Underway Once Again…
Approximately 90 days since the the loss of the Sail Training Vessel, S.V. Concordia, West Island College International, trading as “Class Afloat”, has reached an agreement with the City of Kristiansand, the Board, and the Managing Director of the Fully-Rigged Sírlandet, for the charter of city’s iconic ship. The Sírlandet is the oldest operative full-rigged ship in the world. She was built in 1927 at the Híivolds Mek. Verksted, a local shipyard in Kristiansand.
Representatives from the Class Afloat office in Nova Scotia returned this week following a series of meetings in Kristiansand at which a renewable charter agreement was concluded. The arrangement was enthusiastically welcomed by both groups as it offers a new home to Class Afloat trainees while keeping the Sírlandet busy on international voyages, throughout the fall, winter and spring months.
Class Afloat initially expects to place approximately 45 students per semester and a staff of 15 adults aboard the Sírlandet, starting September 5th of this year and embarking from Kristiansand.
The vessel will sail from Norway to Western Europe, into the Mediterranean and on to Northern and Western Africa before crossing the Atlantic to the Caribbean, South America, Central America and Bermuda. Sírlandet will return to Europe in May 2011.. Shipboard classes are based exclusively on pre-university and university level material and the programme offers a high quality educational environment whilst travelling to a variety of ports of call. Hands-on opportunities for learning with and from international counterparts are the hallmark of this 25 year old programme.

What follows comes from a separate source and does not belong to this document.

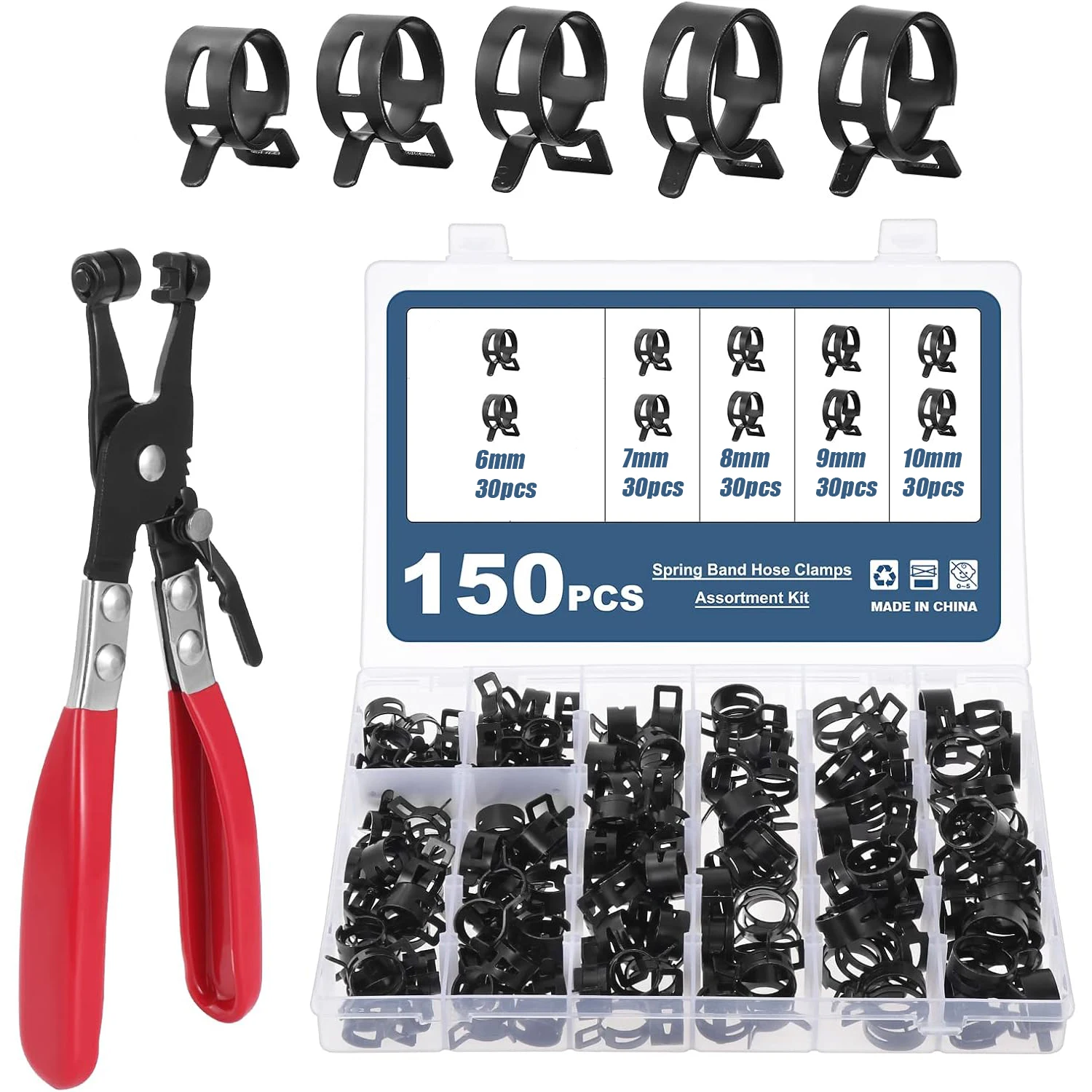 150Pcs 6-10mm Black Q673B Vacuum Spring Fuel Oil Water Hose Clip Pipe Tube for Band Clamp Metal Fastener Assortment Kit + Plier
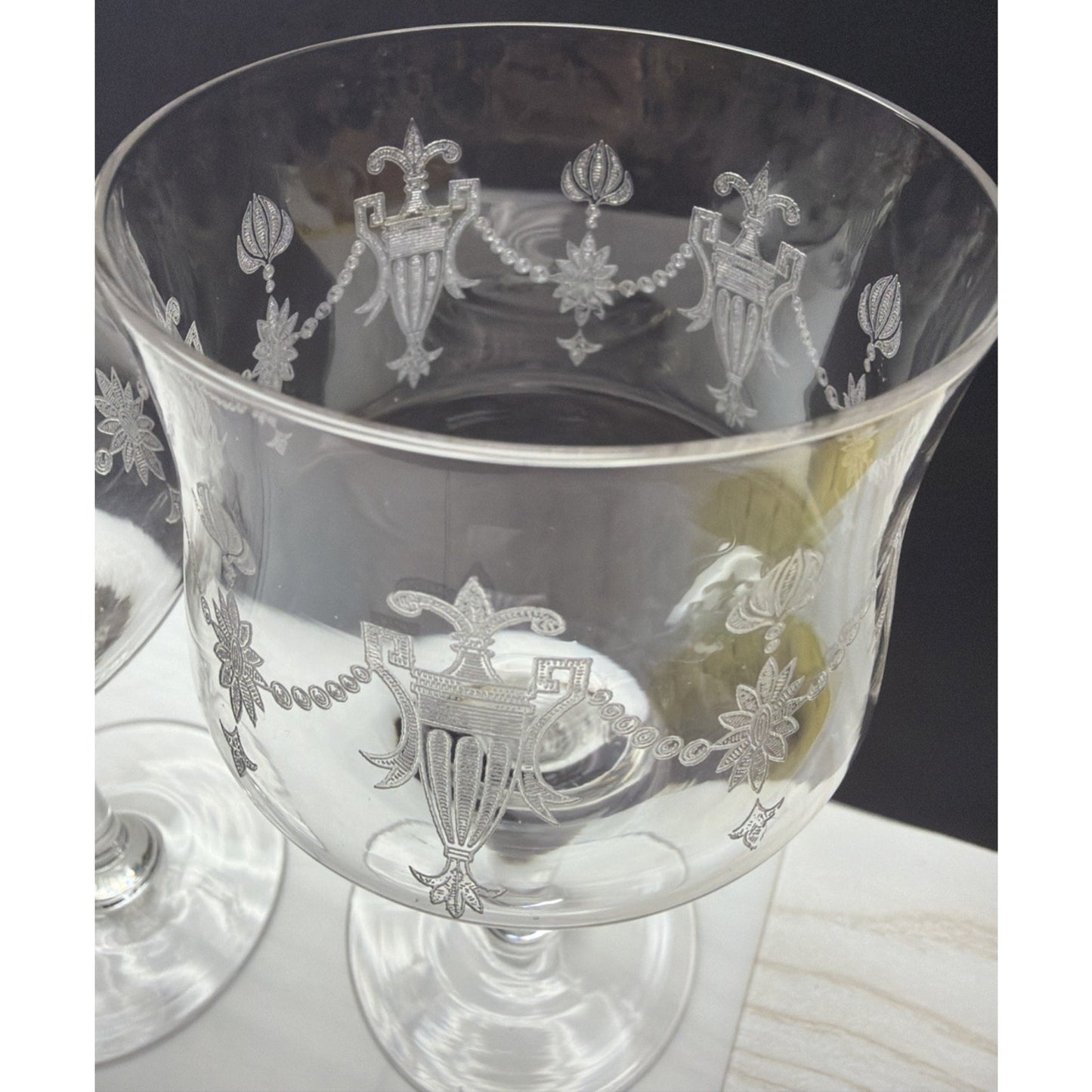 Vintage Lot of 4 Morgantown Glass 7589 Richmond Etched Water Goblet Stemware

The STI International Logbook and Basic Safety Training Programme for Special Purpose Ships is used, exclusively, by Class Afloat. The school’s culture of safety at sea is, according to Mr. Davies, attributable to constant drills, well maintained equipment, crew experience and the rigourous delivery of the Basic Safety Training Programme.
Many will recall that all 64 students, faculty and crew aboard the S.V. Concordia were rescued from lifeboats off the coast of Brazil last February. The remarkable story is that the evacuation was concluded within the 18 minutes that the ship took to sink. Expert meteorologists have isolated a microburst as the cause of the loss. Concordia, positioned 300 nautical miles southeast of Rio, was making 6 knots in 15 knot winds at the time of her loss.
Per Filip Sommerstedt, Managing Director of the Sírlandet and Terry Davies, Chairman of West Island College International agreed that there is an inviting synergy within their new partnership, one that offers both organizations a promising future together.